In some cases, it may be necessary for us to retain your personal data for different periods. The factors that direct how long we will retain personal data include the following:
a)any laws or regulations that we are required to follow;
b)whether we are in a legal or other type of dispute with each other or any third party
c)the type of information held about you; and
d)whether we are asked by you or a regulatory authority to keep your personal data for a valid reason.
For more information regarding our retention periods, please contact us.
9. WHAT ARE YOUR RIGHTS IN RELATION TO YOUR PERSONAL DATA?
Data protection law provides you with a number of rights in relation to your personal data (which are summarised below). You can exercise these rights by contacting us – please see the section ‘HOW CAN YOU CONTACT US’ above.

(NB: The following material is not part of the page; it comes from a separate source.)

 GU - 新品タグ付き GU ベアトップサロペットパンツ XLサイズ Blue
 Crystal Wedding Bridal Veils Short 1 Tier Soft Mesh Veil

Subject to the requirements of applicable laws and certain limitations or exemption, you have the right to:
a)access your personal data and be provided with certain information in relation to it, such as the purpose for which it is processed;
b)require us to correct any inaccuracies in your personal data without undue delay;
c)require us to erase your personal data (please be aware that the right of erasure under data protection law is not an absolute right as it only applies in relation to one or more specific circumstances);
d)require us to restrict the processing of your personal data;
e)receive the personal data which you have provided to us in a machine readable format, where we are processing it on the basis consent or to comply with a contract with you (please see the above tables) and such processing is automated; and
f)object to a decision that we make which is based solely on automated processing of your personal data.
Access to your credit report and corrections
In addition to the rights listed above, you also have the right to obtain your statutory credit report free of charge from Equifax. This report contains all the personal data Equifax holds about you that is relevant to your financial standing. Click here if you wish to find out how to exercise this right:
Should you wish to request access to all of the personal data Equifax holds about you (not just your credit report) you have the right to do so (as noted above). Click here if you wish to find out how to exercise this right:
Equifax wants to make sure that your personal information is accurate and up to date. However, please be aware that as a credit reference agency, much of the information Equifax holds about you is received from lenders and banks. Equifax is not able to automatically amend this information upon request. Equifax must instead follow a set process of informing the relevant lender and seeking their clarity as to the validity of the data. While this process is undertaken, Equifax will make a note on your file that a rectification request has been made. For more details on your rights please review the Equifax Information Notice at www.equifax.co.uk/ein
You also have the right to lodge a complaint with the Information Commissioner’s Office (ICO), which is the UK data protection regulator. More information can be found on the ICO website at https://ico.org.uk/
10. CHANGES TO THIS EWS NOTICE
We may change this online EWS Notice from time to time.